A l'automne 2013, il a cumulé problèmes administratifs, matériels et humains, son humeur en pâtissait, mais il jurait d'arriver à s'en sortir coûte que coûte. Il avait beaucoup maigri et semblait miné, exténué. Usé par des relations insatisfaisantes et difficiles, par une vie très rude, il ne voulait plus faire de concessions ni recevoir d'aide. Peut-être était-il malade, mais il ne l'a pas pris au sérieux, et de toutes façons se soignait par lui-même de façon naturelle. Dans l'hiver, il a beaucoup changé, il était très révolté, accumulait les ennuis, la fatigue, les déceptions, semblait au bout du rouleau. Il a voulu régler pas mal d'affaires en cours, récupérer des objets prêtés, dégager de veilles remises, faire propre, il entreprenait de gros travaux de nettoyage dehors, sciant toujours tout son bois à la main.
Après l'accident du poêle, au cœur de l'hiver, il n'a plus eu de chauffage. Il a refusé tout autre hébergement. Il voulait rester dans sa yourte, dans ce qu'il avait construit, car c'était là le sens de sa vie, ce labeur modeste du quotidien qui lui rendait son honneur. Quand on sait le temps qu'il a fait et qu'il fait encore en Bretagne, on peut imaginer l'état d'humidité et de froid dans une tente. Pourtant, il avait commencé à reconstruire un nouveau petit four en argile à la place du poêle (toujours pas sec aujourd'hui). Et il a continué à débroussailler, couper du bois, sans tronçonneuse. Il y allait en force, sa voisine se rappelle l'avoir vu, peu de temps avant son décès, s'acharner avec des coins sur une grosse poutre qu'il voulait débiter.
Jean-Paul est mort d'épuisement, au bout de lui-même, à l'âge de 46 ans, parce qu'en France, aujourd'hui, on peut mourir de dignité.
Les médecins et la famille disent que Jean-Paul s'est tué à la tâche, que les efforts physiques ont été trop violents, que le corps a lâché.

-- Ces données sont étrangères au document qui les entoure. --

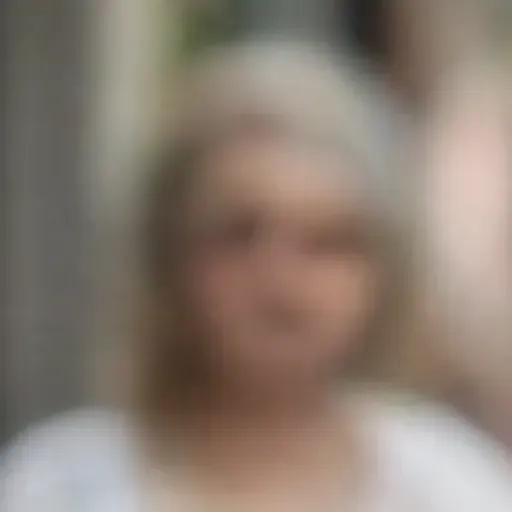 yapay zekâ porno foto üretici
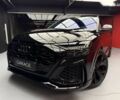 Ауди RS Q8, объемом двигателя 4 л и пробегом 42 тыс. км за 118900 $, фото 3 на Automoto.ua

Que ça arrive à des hommes dans la force de l'âge.
Moi je dis que la dignité, celle dont on a tellement besoin pour exister, peut faire arrêter un cœur de battre.
Et je dis que je ne laisserais plus jamais quiconque traiter des personnes bénéficiant de la solidarité sociale de paumés, paresseux ou parasites.
Je suis certaine que quelques yourteurs se reconnaîtront dans ce témoignage, cette façon de vouloir prendre en charge sa cohérence et son autonomie sans plus rien attendre de personne, jusqu'à en arriver au bout du rouleau. Moi entre autres.
Il reste cependant que cet homme est mort dans sa yourte, le meilleur endroit pour rendre son dernier soupir.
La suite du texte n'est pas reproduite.